### [Exercise]
Copy the records below exactly, starting at the line that contains "JSF – Mindsweeper (Original 12 Mix) 2003" and ending at the line that contains "ORYGINALNY Kabel Konsolowy CISCO (DB9-RJ45)"; leave out any pictures.

Pictures with short captions
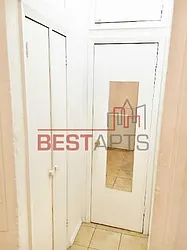 Rented by Best Apartments North Inc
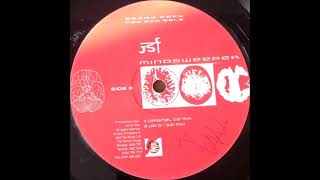 JSF – Mindsweeper (Original 12 Mix) 2003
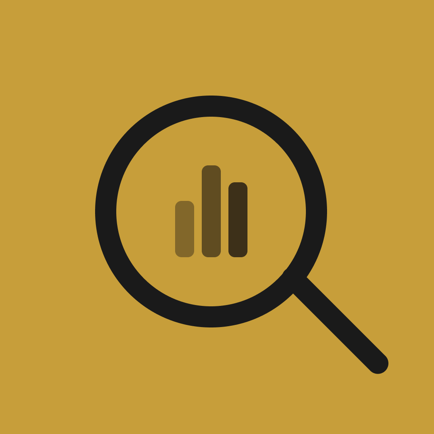 Keyword Scout — ASO Tool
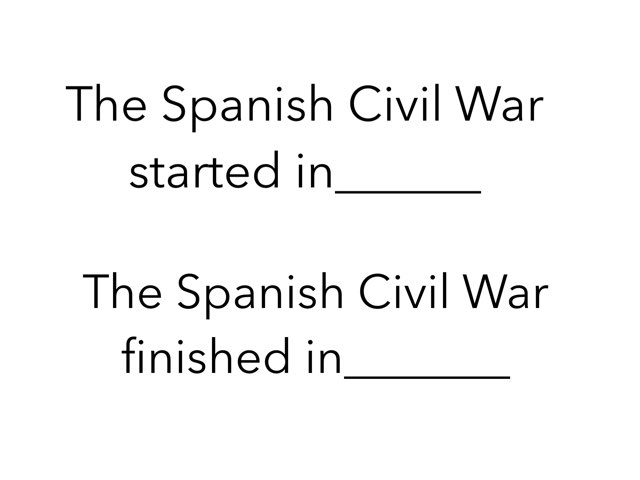 Unit 7 ameli Miss jaw p6 by Miss Jaw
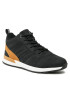 O'Neill Sneakers Grimes Men Shoot 90233063.25Y Negru - Pled.ro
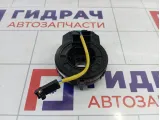 Механизм подрулевой для SRS SsangYong Actyon 8591034110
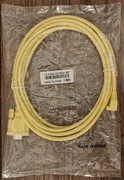 ORYGINALNY Kabel Konsolowy CISCO (DB9-RJ45)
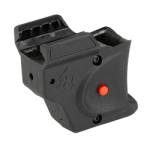 VIRIDIAN E SERIES RED LSR FITS TX22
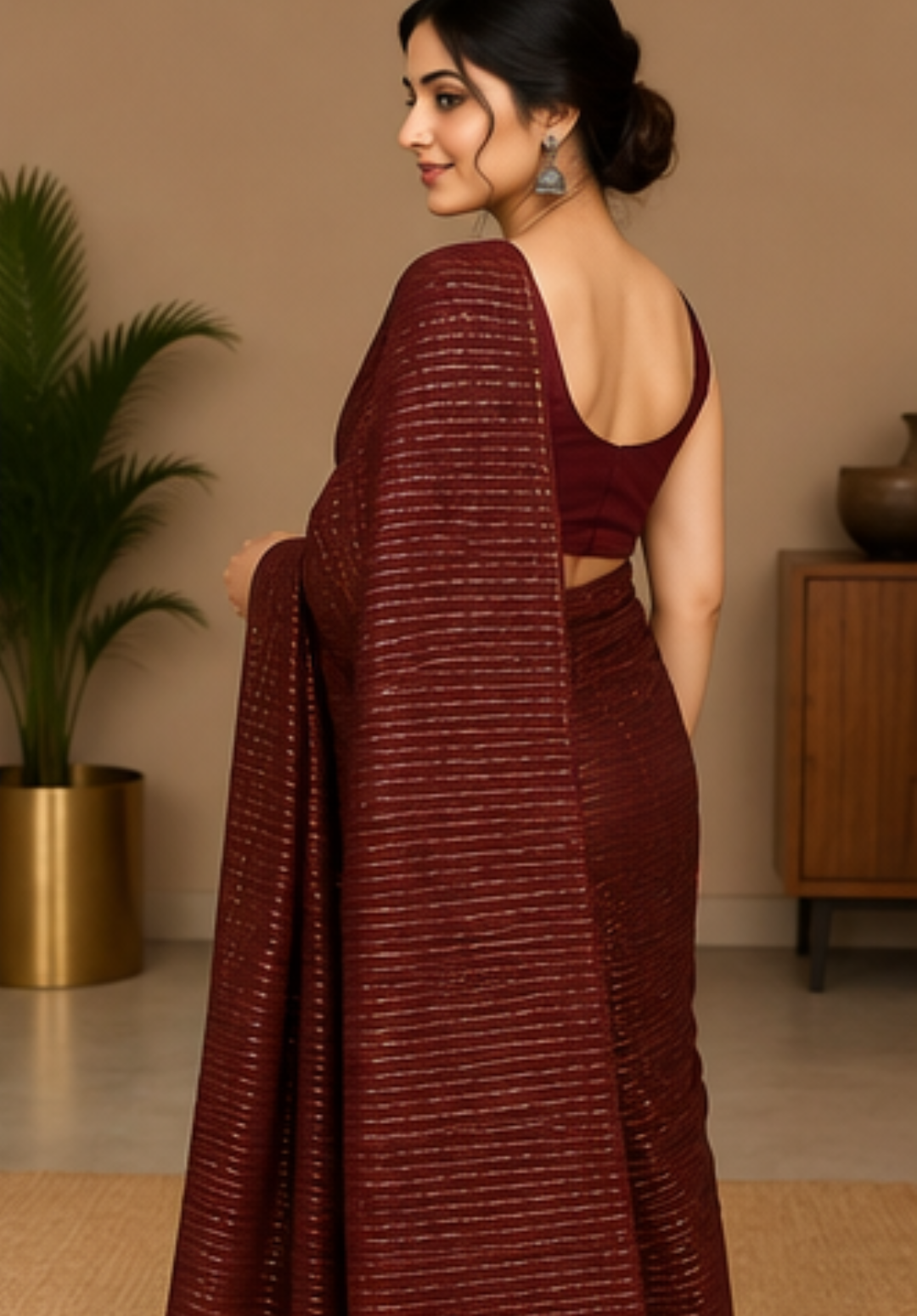 RUHANI
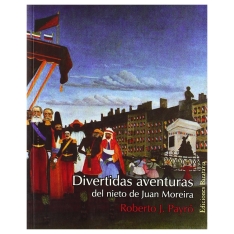 Divertidas aventuras del....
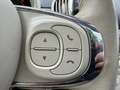 Fiat 500 TwinAir 80pk Anniversario | Glazen Panoramadak | S Grijs - thumbnail 21
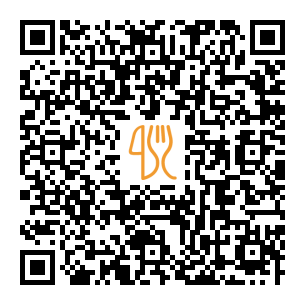 Enlace de código QR al menú de ครัวราตรี อาหารตามสั่ง ส้มตำแซ่บ ลาบ ส้า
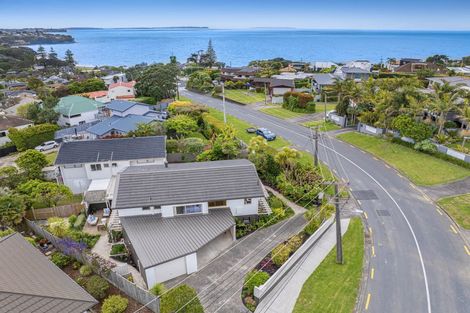 Photo of property in 1/9 Kowhai Road, Mairangi Bay, Auckland, 0630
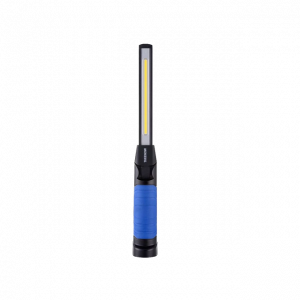 Rechargeable Slim Worklight ������ ������� ������ TAKENOW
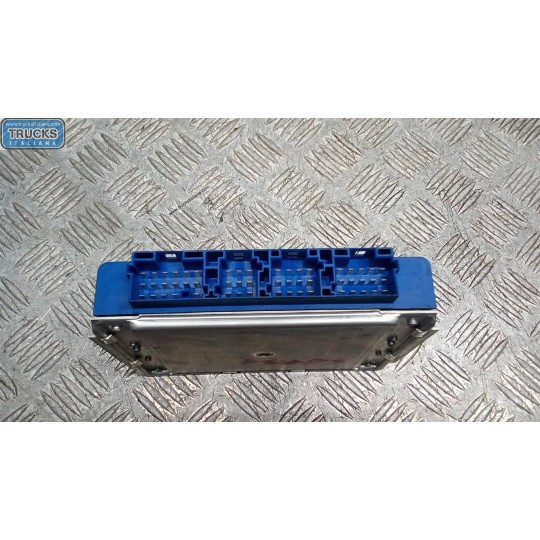 EBS CONTROL UNIT  MAN TG-A 2000>2007 used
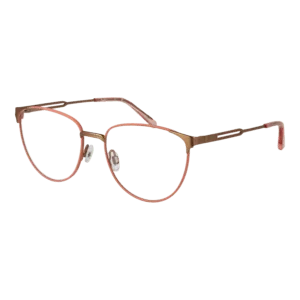 Monture Pepe Jeans PJ1414 54406 – lunettes de vue Hommes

### [Response area]
 JSF – Mindsweeper (Original 12 Mix) 2003
 Keyword Scout — ASO Tool
 Unit 7 ameli Miss jaw p6 by Miss Jaw
 O'Neill Sneakers Grimes Men Shoot 90233063.25Y Negru - Pled.ro
 Механизм подрулевой для SRS SsangYong Actyon 8591034110
 ORYGINALNY Kabel Konsolowy CISCO (DB9-RJ45)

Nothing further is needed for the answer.